Dataset excerpts:
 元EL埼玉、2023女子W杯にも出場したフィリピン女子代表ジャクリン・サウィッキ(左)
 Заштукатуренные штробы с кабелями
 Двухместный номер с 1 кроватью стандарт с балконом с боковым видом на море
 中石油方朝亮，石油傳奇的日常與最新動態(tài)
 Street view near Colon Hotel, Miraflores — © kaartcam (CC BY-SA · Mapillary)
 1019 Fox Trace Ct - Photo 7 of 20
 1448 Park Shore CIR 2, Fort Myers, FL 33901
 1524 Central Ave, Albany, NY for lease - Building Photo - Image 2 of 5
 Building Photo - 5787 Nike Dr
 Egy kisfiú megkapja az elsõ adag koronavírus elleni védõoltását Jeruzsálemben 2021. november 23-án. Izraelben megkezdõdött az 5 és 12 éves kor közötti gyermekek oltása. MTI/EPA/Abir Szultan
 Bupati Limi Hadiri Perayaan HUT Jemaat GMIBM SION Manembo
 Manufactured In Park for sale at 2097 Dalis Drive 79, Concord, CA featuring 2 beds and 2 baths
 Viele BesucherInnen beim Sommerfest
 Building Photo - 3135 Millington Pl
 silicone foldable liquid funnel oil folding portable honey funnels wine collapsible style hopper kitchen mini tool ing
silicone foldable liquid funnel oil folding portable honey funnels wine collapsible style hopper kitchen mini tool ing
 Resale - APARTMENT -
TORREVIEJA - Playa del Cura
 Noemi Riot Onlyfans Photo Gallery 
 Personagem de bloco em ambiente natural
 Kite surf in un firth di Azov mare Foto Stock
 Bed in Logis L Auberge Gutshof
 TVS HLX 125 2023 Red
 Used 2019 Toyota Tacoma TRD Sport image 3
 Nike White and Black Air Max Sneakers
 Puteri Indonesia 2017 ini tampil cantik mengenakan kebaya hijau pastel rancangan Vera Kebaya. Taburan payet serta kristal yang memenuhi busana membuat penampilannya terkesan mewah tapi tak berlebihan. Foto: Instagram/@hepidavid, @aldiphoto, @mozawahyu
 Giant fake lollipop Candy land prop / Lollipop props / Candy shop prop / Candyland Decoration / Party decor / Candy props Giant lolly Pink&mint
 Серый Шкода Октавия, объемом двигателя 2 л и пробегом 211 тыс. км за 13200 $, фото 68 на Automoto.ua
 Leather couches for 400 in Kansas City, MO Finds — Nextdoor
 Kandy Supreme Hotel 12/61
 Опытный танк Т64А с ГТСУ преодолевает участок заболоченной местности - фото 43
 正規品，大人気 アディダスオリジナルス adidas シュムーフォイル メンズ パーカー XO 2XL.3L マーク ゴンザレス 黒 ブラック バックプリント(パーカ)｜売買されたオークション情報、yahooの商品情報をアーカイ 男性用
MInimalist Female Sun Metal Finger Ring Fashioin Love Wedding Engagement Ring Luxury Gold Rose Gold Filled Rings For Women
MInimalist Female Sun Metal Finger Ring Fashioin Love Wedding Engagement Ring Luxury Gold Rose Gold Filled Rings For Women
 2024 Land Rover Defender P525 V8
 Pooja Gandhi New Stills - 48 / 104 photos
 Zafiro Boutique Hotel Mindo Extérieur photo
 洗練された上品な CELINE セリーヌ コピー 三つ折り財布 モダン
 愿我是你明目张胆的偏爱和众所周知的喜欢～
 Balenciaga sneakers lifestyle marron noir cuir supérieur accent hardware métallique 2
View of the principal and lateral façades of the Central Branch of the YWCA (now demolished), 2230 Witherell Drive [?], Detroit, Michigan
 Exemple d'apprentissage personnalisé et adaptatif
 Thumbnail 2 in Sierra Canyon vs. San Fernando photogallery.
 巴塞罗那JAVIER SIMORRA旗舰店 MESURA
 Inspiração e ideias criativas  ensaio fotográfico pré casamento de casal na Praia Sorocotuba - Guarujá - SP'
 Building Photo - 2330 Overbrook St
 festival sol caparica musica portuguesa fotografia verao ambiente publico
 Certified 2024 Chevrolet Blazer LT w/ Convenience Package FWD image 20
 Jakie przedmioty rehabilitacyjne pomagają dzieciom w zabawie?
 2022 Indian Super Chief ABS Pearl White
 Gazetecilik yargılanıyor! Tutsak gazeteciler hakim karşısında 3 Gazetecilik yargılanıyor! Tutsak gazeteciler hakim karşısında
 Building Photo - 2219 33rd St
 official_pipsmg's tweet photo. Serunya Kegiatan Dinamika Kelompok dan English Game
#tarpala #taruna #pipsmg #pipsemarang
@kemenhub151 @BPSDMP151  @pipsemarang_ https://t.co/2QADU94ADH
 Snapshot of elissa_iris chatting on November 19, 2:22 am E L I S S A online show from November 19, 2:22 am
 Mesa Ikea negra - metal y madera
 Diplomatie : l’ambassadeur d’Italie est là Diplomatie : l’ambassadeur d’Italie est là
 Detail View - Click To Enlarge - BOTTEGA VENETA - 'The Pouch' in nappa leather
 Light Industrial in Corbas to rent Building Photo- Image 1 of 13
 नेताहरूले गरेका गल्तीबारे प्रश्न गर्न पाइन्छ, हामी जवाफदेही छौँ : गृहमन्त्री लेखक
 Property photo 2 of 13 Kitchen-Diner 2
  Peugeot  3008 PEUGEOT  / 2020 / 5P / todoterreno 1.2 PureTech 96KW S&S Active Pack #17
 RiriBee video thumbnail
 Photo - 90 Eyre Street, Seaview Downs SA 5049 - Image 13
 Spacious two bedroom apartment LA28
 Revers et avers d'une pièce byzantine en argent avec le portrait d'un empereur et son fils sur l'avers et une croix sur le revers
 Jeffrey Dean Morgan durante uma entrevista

- Task item -
Which lines should be output? Exactly those from the first line of the data through the line containing "Puteri Indonesia 2017", inclusive.

- Exercise result -
 元EL埼玉、2023女子W杯にも出場したフィリピン女子代表ジャクリン・サウィッキ(左)
 Заштукатуренные штробы с кабелями
 Двухместный номер с 1 кроватью стандарт с балконом с боковым видом на море
 中石油方朝亮，石油傳奇的日常與最新動態(tài)
 Street view near Colon Hotel, Miraflores — © kaartcam (CC BY-SA · Mapillary)
 1019 Fox Trace Ct - Photo 7 of 20
 1448 Park Shore CIR 2, Fort Myers, FL 33901
 1524 Central Ave, Albany, NY for lease - Building Photo - Image 2 of 5
 Building Photo - 5787 Nike Dr
 Egy kisfiú megkapja az elsõ adag koronavírus elleni védõoltását Jeruzsálemben 2021. november 23-án. Izraelben megkezdõdött az 5 és 12 éves kor közötti gyermekek oltása. MTI/EPA/Abir Szultan
 Bupati Limi Hadiri Perayaan HUT Jemaat GMIBM SION Manembo
 Manufactured In Park for sale at 2097 Dalis Drive 79, Concord, CA featuring 2 beds and 2 baths
 Viele BesucherInnen beim Sommerfest
 Building Photo - 3135 Millington Pl
 silicone foldable liquid funnel oil folding portable honey funnels wine collapsible style hopper kitchen mini tool ing
silicone foldable liquid funnel oil folding portable honey funnels wine collapsible style hopper kitchen mini tool ing
 Resale - APARTMENT -
TORREVIEJA - Playa del Cura
 Noemi Riot Onlyfans Photo Gallery 
 Personagem de bloco em ambiente natural
 Kite surf in un firth di Azov mare Foto Stock
 Bed in Logis L Auberge Gutshof
 TVS HLX 125 2023 Red
 Used 2019 Toyota Tacoma TRD Sport image 3
 Nike White and Black Air Max Sneakers
 Puteri Indonesia 2017 ini tampil cantik mengenakan kebaya hijau pastel rancangan Vera Kebaya. Taburan payet serta kristal yang memenuhi busana membuat penampilannya terkesan mewah tapi tak berlebihan. Foto: Instagram/@hepidavid, @aldiphoto, @mozawahyu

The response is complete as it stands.